Freddie Mac released its monthly Economic and Housing Outlook on Tuesday, with a relieved look backward and an optimistic view of the future.
Frank Nothaft, Chief Economist for the mortgage giant, pointed to tentative year end figures showing that the nation's economy had produced 2.2 million new jobs in 2004, an increase in manufacturing jobs, and a pickup in factory orders all, he said, signs of an improved labor picture for the country.
Northaft forecast that the Federal Reserve would continue to inch short-term interest rates up in quarter-point increments, hitting a Federal Funds target of 3.0% by mid-year and 3.5% by year end. Assuming that inflation remains 'tame,' between 2 and 2.25% for the year, he sees the outlook for long-term interest rates, which would include fixed rate mortgages also good. The yield curve (the difference between 1 year and 10 year Treasury notes) should continue to flatten through 2005, as it did over the second half of 2004. The flatter curve will probably encourage consumers to pick so-called hybrid ARMs.

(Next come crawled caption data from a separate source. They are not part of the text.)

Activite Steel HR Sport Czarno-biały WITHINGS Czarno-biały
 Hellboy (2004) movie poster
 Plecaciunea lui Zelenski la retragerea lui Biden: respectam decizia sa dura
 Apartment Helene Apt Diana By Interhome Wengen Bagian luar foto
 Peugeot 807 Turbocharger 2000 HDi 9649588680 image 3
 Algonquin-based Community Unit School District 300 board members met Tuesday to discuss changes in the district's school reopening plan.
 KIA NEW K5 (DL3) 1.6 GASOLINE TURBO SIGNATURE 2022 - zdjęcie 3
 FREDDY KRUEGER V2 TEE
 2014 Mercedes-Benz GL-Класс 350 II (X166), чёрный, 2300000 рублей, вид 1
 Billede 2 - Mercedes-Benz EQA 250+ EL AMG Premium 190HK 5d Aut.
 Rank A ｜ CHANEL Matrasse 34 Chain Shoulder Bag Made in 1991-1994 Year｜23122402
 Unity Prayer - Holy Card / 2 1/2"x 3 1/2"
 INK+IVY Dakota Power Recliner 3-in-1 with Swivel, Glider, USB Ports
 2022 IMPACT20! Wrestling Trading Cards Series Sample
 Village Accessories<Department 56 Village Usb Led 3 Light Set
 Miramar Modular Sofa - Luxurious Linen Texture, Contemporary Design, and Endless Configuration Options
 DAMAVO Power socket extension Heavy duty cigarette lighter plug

The 5/1 (five years at a fixed rates, adjusting annually thereafter) is now the most popular of these, accounting for two out of every five hybrids written in 2004.
Interest in adjustable rate mortgages (ARMs) will be further encouraged as lenders are expected to increase the discounts they are currently offering on the initial interest rates. As Freddie Mac had noted in its annual survey of adjustable rate mortgages (ARMs) issued last week, lenders are offering average discounts of 1.3 percentage points off of the fully indexed rates of ARMs during the initial fixed-rate period. This is up nearly a full point from the discounts that were offered at the beginning of 2004.
All of this, the report said, should mean that the housing market 'should have another splendid year in 2005.'
Housing starts and home sales are expected to fall off from the record setting rates of 2004, but only by one to two percent. Freddie anticipates total new and existing home sales of 7.75 million units in 2005.
And don't look for the bubble to burse just yet. Freddie projects that housing appreciation, while less than last year, will still be at a more than respectable 7.2% this year and 6.3 percent in 2006.
Single family mortgage originations are expected to decline considerably to $2.6 trillion in 2005 and $2.3 trillion in 2006 from $2.75 trillion in 2004. This decline will be almost totally accounted for by a decline in refinances which are expected to make up only 39 percent of the total residential mortgage market this year and 32 percent next year. Refinances accounted for 46 percent of mortgage originations last year.
Home equity loans and second mortgages are expected to be the vehicle of choice for home owners desiring to pull equity out of their homes. These loans types accounted for almost 20 percent of the growth in single family debt in the year ended September 30, 2004, a trend that Freddie Mac expects to continue.